On the evening of July 21, 1980, in Washington, D.C., Dawud Salahuddin, a twenty-nine-year-old African-American convert to Islam who was born David Theodore Belfield, prepared to commit murder. In an empty office at the Iranian Interest Section of the Algerian Embassy, on Wisconsin Avenue, where he worked as a security guard, he loaded a Browning semi-automatic pistol, test-fired it out a window into an alleyway, and stashed it in a gym bag. Then he went to sleep on a couch. The Iranian Embassy had been closed down a few months earlier, as United States relations with Iran continued to deteriorate after the overthrow of the Shah, in early 1979, the installation of the repressive regime of Ayatollah Khomeini, and the ongoing hostage crisis at the American Embassy in Tehran.

The next morning, Salahuddin woke before dawn and prayed.
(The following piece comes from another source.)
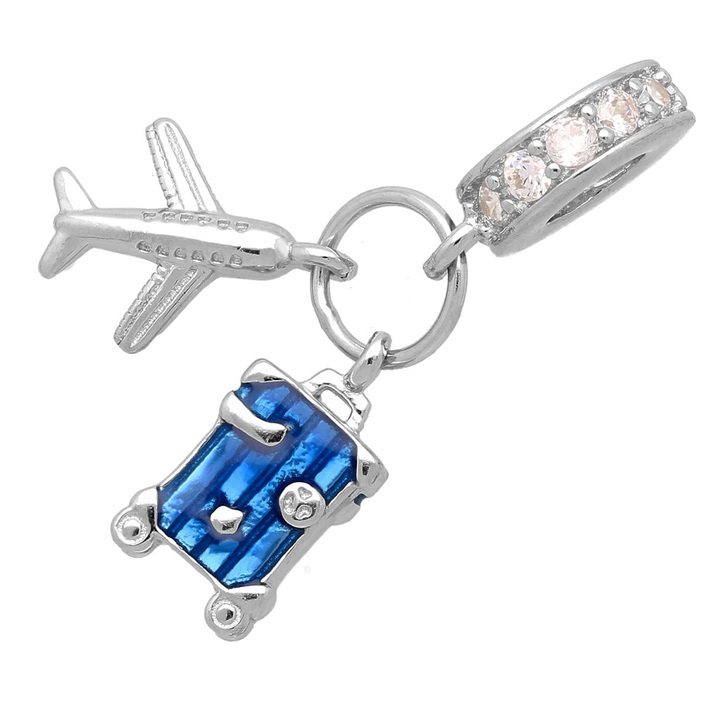 Wisiorek srebrny modułowy CHARMS BEADS podróże srebro 925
He walked along Wisconsin Avenue to a designated spot, where a friend, also an African-American and a Muslim, met him in a rental car, and together they drove northwest, toward the Maryland border. In the passenger seat, Salahuddin changed into a mailman's uniform and put on a pair of cotton gloves. He stuffed the pistol into a large Jiffy bag. On Idaho Avenue not far from the National Cathedral, another friend, a postal worker, was waiting with a mail-delivery jeep. Salahuddin drove the jeep by himself to Bethesda, Maryland. He stopped at a pay phone outside a diner to call the home of Ali Akbar Tabatabai, a former press attache at the Iranian Embassy in Washington, who had become an outspoken opponent of Ayatollah Khomeini. When Tabatabai answered, Salahuddin hung up. Minutes later, at around eleven-forty, he parked the jeep in front of Tabatabai's house, on a quiet cul-de-sac, and walked to the door carrying what looked like two special-delivery packages. He held one package, a decoy crammed with newspapers, in front; it obscured the second package, inside which Salahuddin held the pistol in his right hand, his finger on the trigger. The house was used as a meeting place for the Iran Freedom Foundation, a counter-revolutionary group, and one of Tabatabai's associates answered the door. Salahuddin asked for Tabatabai--saying that the delivery required his signature--and when he appeared Salahuddin shot him three times in the abdomen and fled. Forty-five minutes later, at 12:34 P.M., Tabatabai was pronounced dead at Suburban Hospital.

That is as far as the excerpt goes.